Lower House begins deliberating bill to raise prime minister's salary

Japan's Diet has begun deliberating a bill to raise the salaries of senior government officials including the prime minister. But the move is facing severe backlash from the opposition camp.

The Lower House Cabinet Committee began deliberations on Wednesday.

Under the bill, the salary of Prime Minister Kishida Fumio will increase by 460,000 yen, or about 3,000 dollars, a year. The salaries of Cabinet ministers will also rise by about 2,100 dollars.

The increases are in accordance with those of ordinary civil servants.

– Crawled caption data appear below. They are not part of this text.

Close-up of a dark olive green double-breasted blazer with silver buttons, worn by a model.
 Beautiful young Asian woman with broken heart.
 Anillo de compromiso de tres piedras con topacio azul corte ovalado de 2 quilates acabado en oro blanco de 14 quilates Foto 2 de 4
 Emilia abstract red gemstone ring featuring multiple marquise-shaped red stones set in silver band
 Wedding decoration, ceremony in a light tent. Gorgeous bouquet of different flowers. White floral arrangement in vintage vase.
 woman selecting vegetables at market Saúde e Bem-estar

Digital Transformation Minister Kono Taro, who is in charge of the national public service system, explained the purpose of the bill and called for careful discussions and support.

The committee is expected to vote on the bill on Friday.

But opposition lawmakers have voiced strong resistance. The largest opposition Constitutional Democratic Party plans to submit an amended bill. Party members say it is not appropriate to raise the salaries of the prime minister and Cabinet members when the public is struggling with rising prices.

The CDP's Diet affairs chief, Azumi Jun, told reporters that his party supports increasing the salaries of ordinary civil servants but not Cabinet members.

Concerns have also been raised from the ruling camp. Some members of the governing coalition partner Komeito are also voicing a need to revise the bill.